(Pictures with short captions)
● ● ●

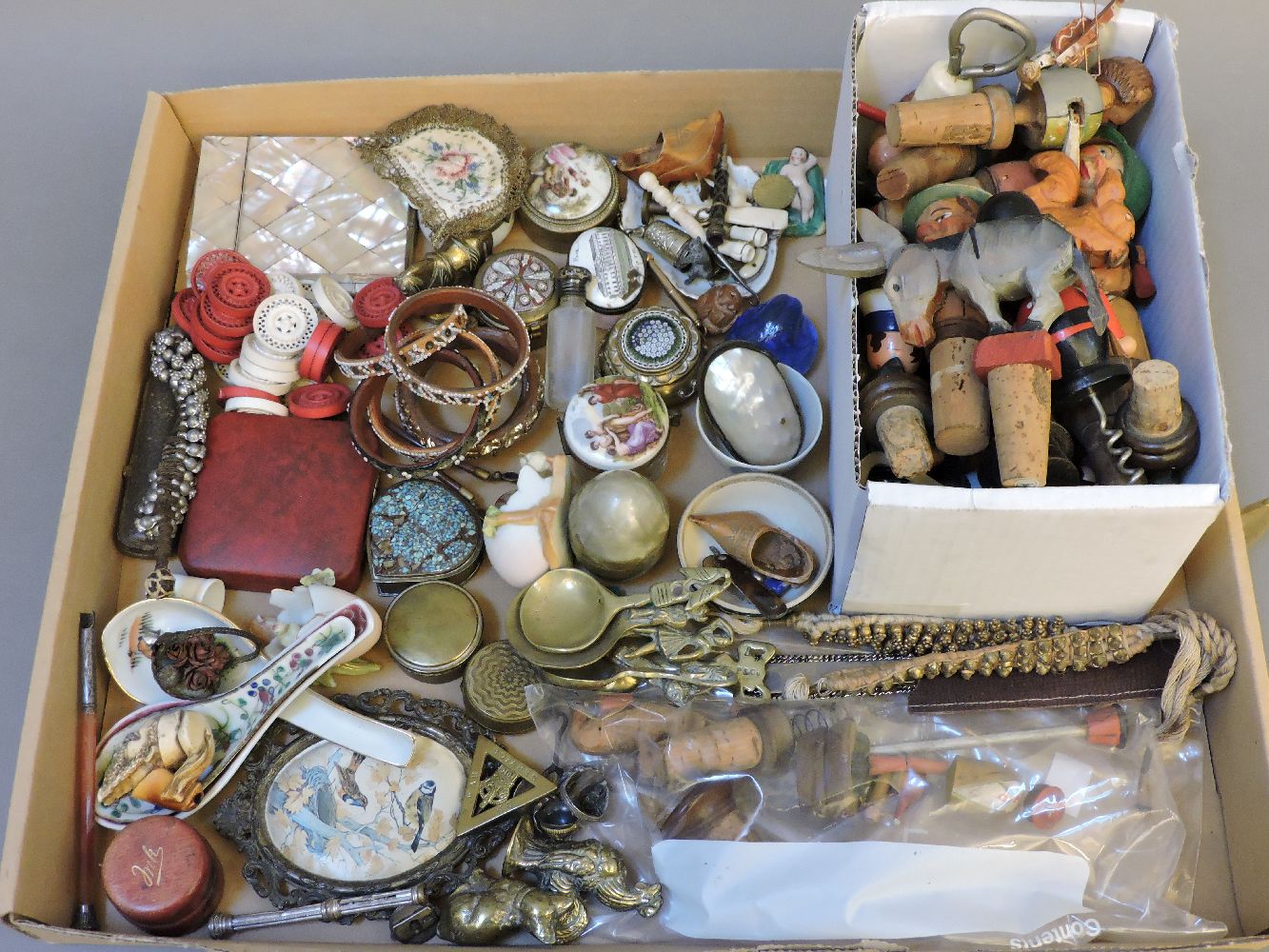 A quantity of early 20th century novelty wine stoppers, cork screws, etc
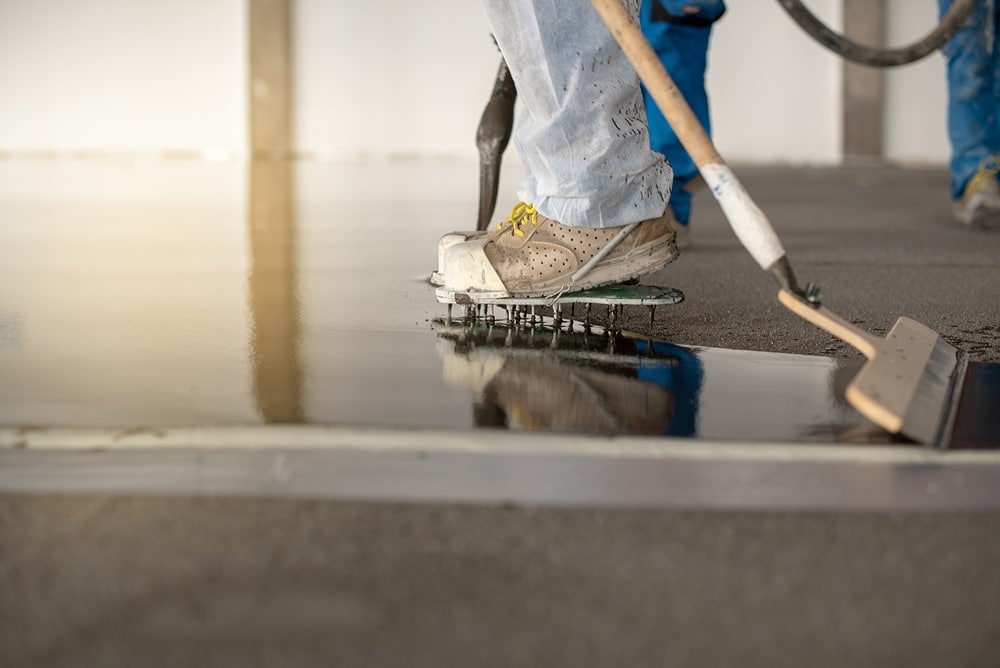 Worker working on the floor of an industrial building with special shoes to avoid damaging the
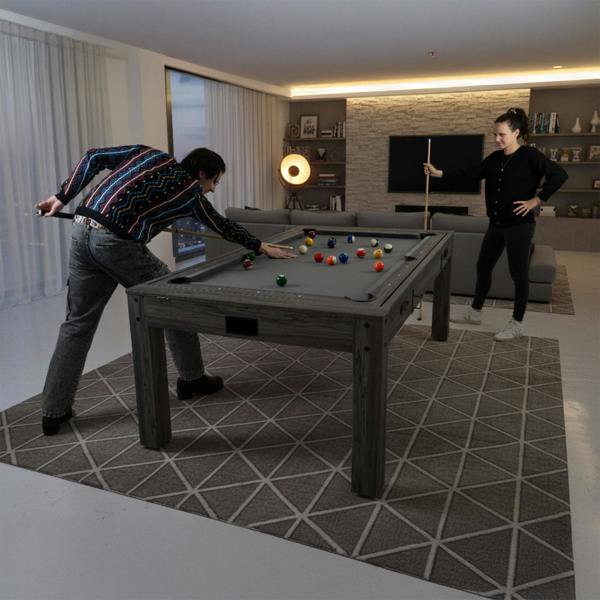 7-In-1 Games Table in grey with a textured surface, featuring players enjoying billiards in a modern living room setting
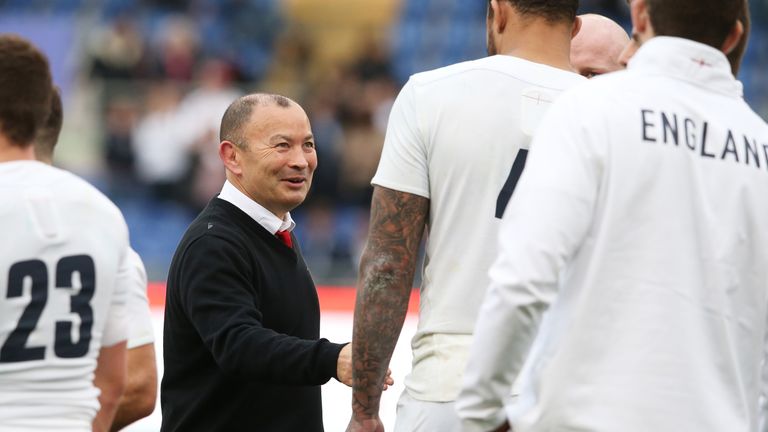 Eddie Jones congratulates his England players following their 40-9 victory over Italy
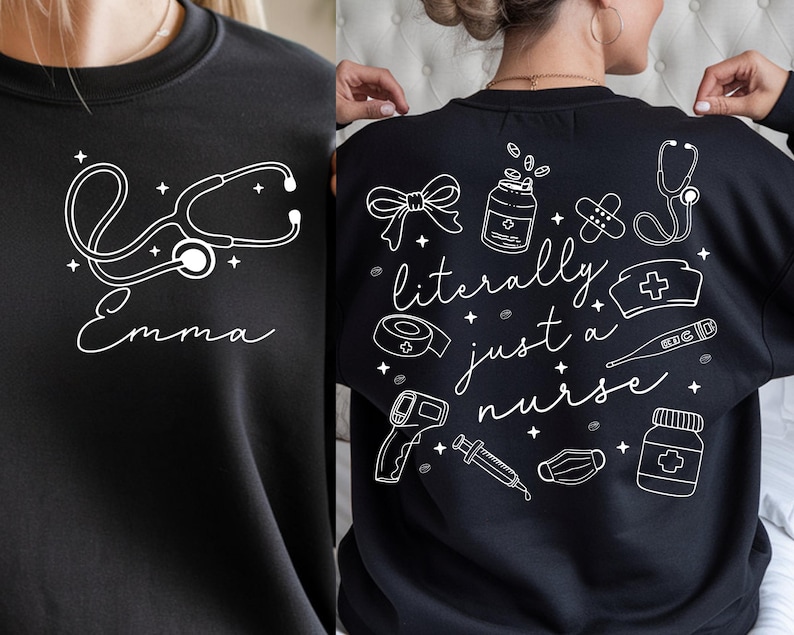 May include: Black sweatshirt with white graphic designs. The front features a stethoscope and the name "Emma". The back displays medical-themed illustrations and the phrase "literally just a nurse".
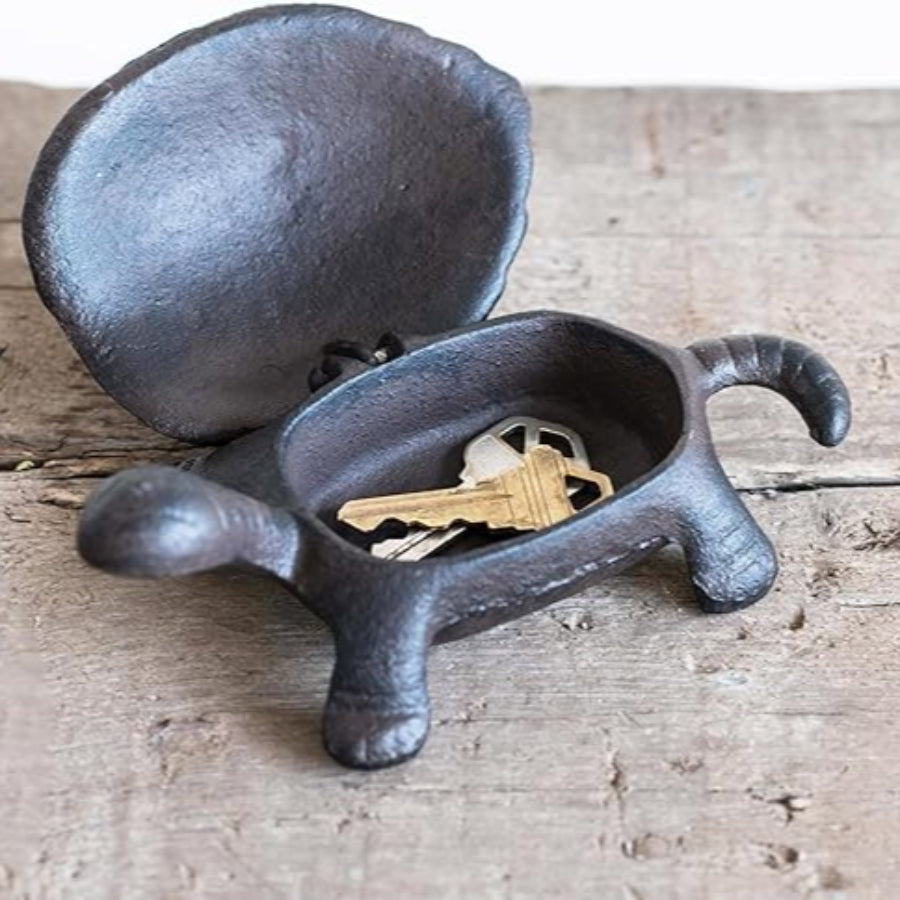 Decorative cast iron tortoise-shaped key box in black color.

● ● ●

## Instructions for the task
Restate word for word, and only, the lines from the line that contains "Eddie Jones congratulates" through the end of the data, both included; pictures are not part of the copy.

## Completed exercise
 Eddie Jones congratulates his England players following their 40-9 victory over Italy
 May include: Black sweatshirt with white graphic designs. The front features a stethoscope and the name "Emma". The back displays medical-themed illustrations and the phrase "literally just a nurse".
 Decorative cast iron tortoise-shaped key box in black color.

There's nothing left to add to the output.